February 17, 2023 at 9:21 am #4941
Bob Katz
Keymaster

    Live to 2 track has been my forte for many years! The tension is  live enough to create a spark :-). You can do several takes and edit them together you know. It can give you the best of both worlds. Doesn’t always work, especially if the musicians don’t work to a click track, but if you’re good at editing you can accomplish something.

    “Isolating” the vocalist is often considered and as we’ve discussed, you’re damned if you do and you’re damned if you don’t. I recently mastered a great album where the vocalist had performed live in the studio with a big band using, gawd, an SM7. It was supposed to be a “work track” but you know how that goes, she fell in love with her performance. The producer did a marvelous job of masking the sibilance and other issues and the band sounded a bit washy and monoish at times due to leakage into the vocal mike in a live studio. But the end results were hair raising!

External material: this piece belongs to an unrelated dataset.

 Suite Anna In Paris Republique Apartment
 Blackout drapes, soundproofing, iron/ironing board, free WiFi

    There are other ways to get great results miking a vocal in a live studio with musicians:

    — semi gobos, giving her the ability to hear everyone or nearly everyone but blocking off at least some of the issues from the mike

    — Use a great hypercardioid or figure 8 mike on the vocal

    — VERY careful EQ on the vocal mike during the mixing. You certainly can filter below, say, 60 Hz, and if you have excellent wide-range monitoring, slip the filter upward in frequency VERY carefull, always erring on the side of vocal fidelity while living with the leakage

    — Izotope RX on the vocal track. You can eliminate drum beats between the syllables. It works, it works well. Again, not being overzealous and do not take away the baby with the bathwater!